=== INFORMATION PROVIDED ===
****

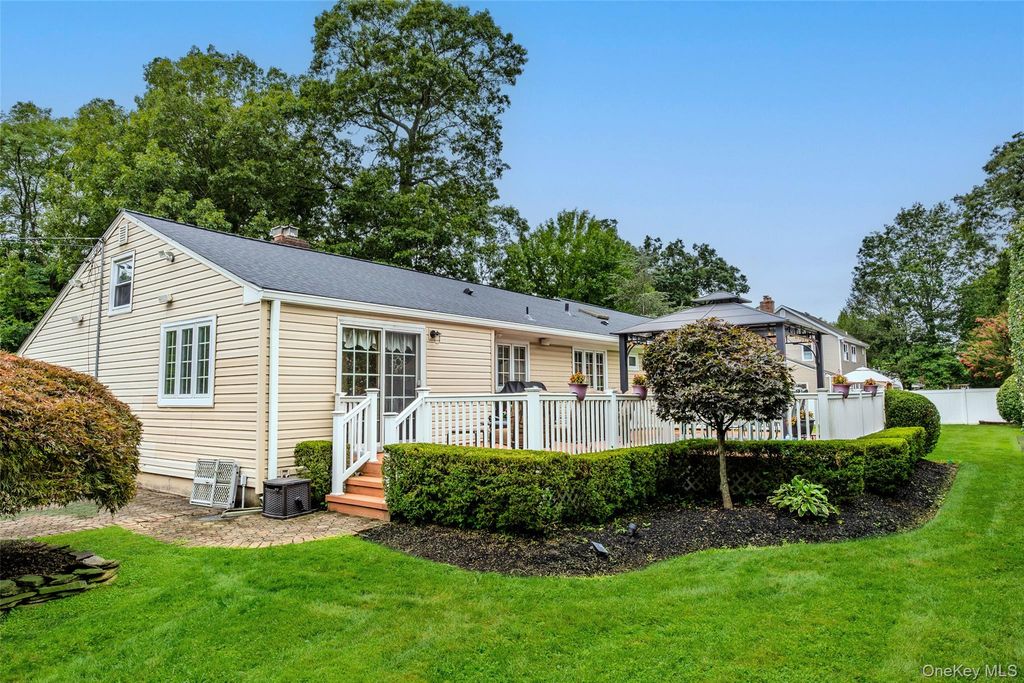 67 Broadway, Smithtown, NY 11787 — photo 4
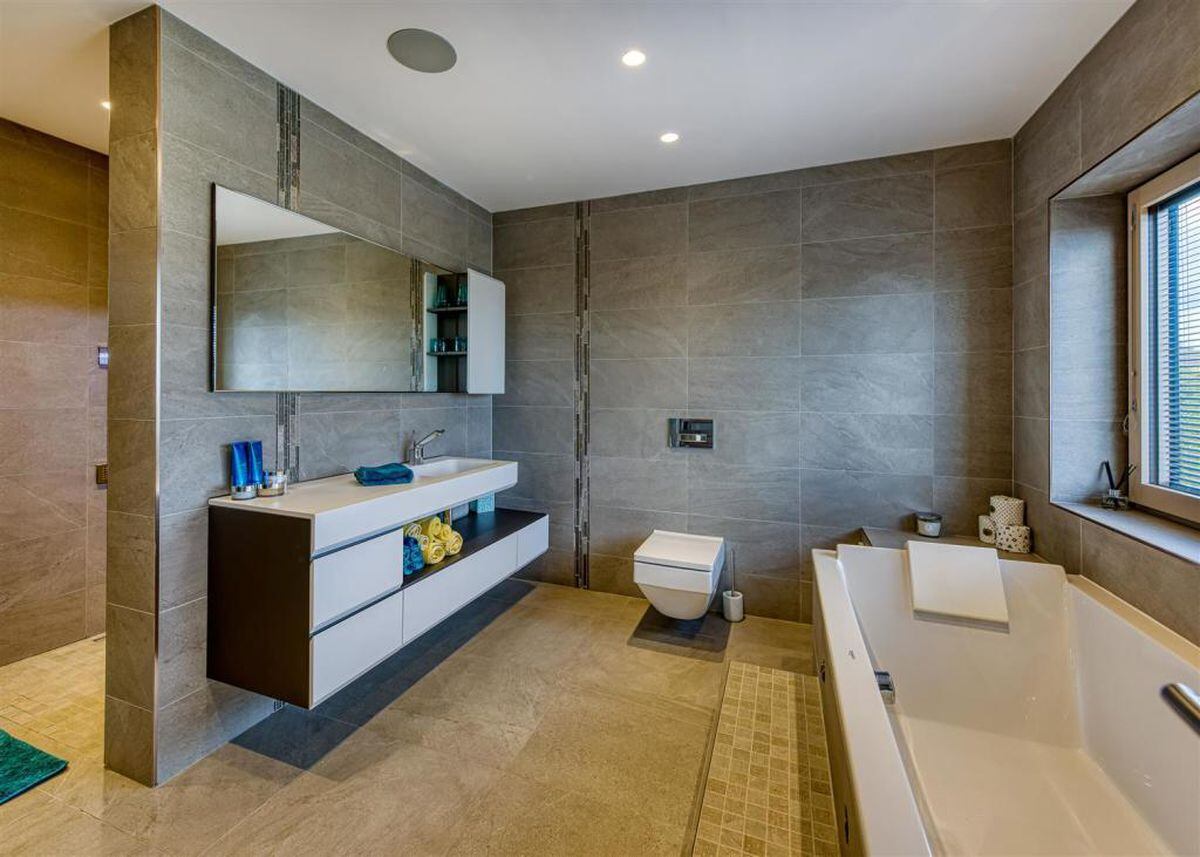 An en-suite bathroom with a walk-in shower. Photo: Berriman Eaton.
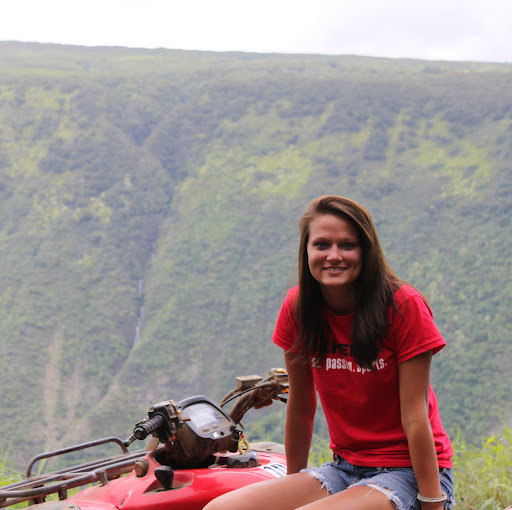 Kelsey Larson Photo 25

****

=== TASK STATEMENT ===
Copy the listing verbatim, omitting images.

=== REPLY ===
 67 Broadway, Smithtown, NY 11787 — photo 4
 An en-suite bathroom with a walk-in shower. Photo: Berriman Eaton.
 Kelsey Larson Photo 25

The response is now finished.